Crypto laws and regulations represent a serious challenge for many companies, as sometimes it is hard to understand how this or that regulations work in their countries. Moreover, in several countries lawmakers as well as regulators are not willing to embrace the crypto industry. As a result, companies are struggling to survive in such countries.
Thus, crypto companies should spend time to learn more about local regulations. For example, people should take into account that there are no official laws to regulate crypto in Japan. Consequently, the only way for digital assets to have any kind of legal status is to amend existing regulations.
Crypto industry in Japan
As stated above there are no specific laws to regulate this industry.
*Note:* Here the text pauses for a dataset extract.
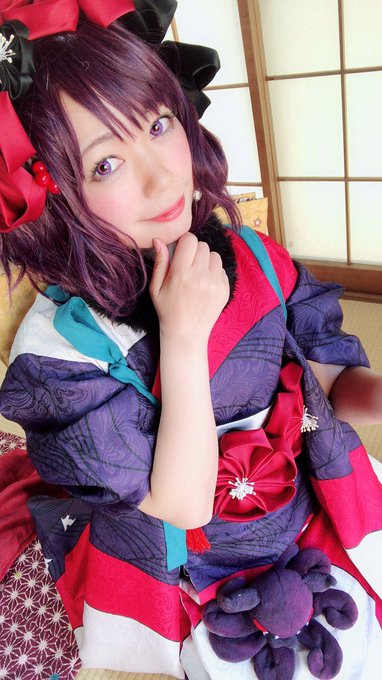 Twitterのコスプレ画像11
Thus, lawmakers decided to amend existing regulations in 2019. Last year, the Japanese House of Representatives passed the Payments Services Act (PSA) as well as Financial Instruments Exchange Act (FIEA).
Interestingly, the revised version of PSA contains many changes. However, some of them are quite basic. For instance, people should use updated terminology, instead of “virtual currency” they should say “crypto asset”.
Nevertheless, there are more important changes as well, such as tightening restrictions on crypto custodians.
Interestingly, the laws mentioned above were scheduled to come into effect starting from April. However, due to unexpected delays, revised versions of PSA as well as FIEA would be enforced starting from May 1.
As a result, starting from May, thus exchanges have to keep users’ money separately from their cash flows.
It means that exchanges should find a third-party operator to keep hold of their clients’ money. Moreover, third-party operators should use reliable methods like cold wallets.
It is worth mentioning that, crypto exchanges should hold the same kind as well as, the same quantities of crypto assets for the clients who would like to use hot wallets. Thus, if someone steals their crypto assets, exchanges will be able to reimburse their clients.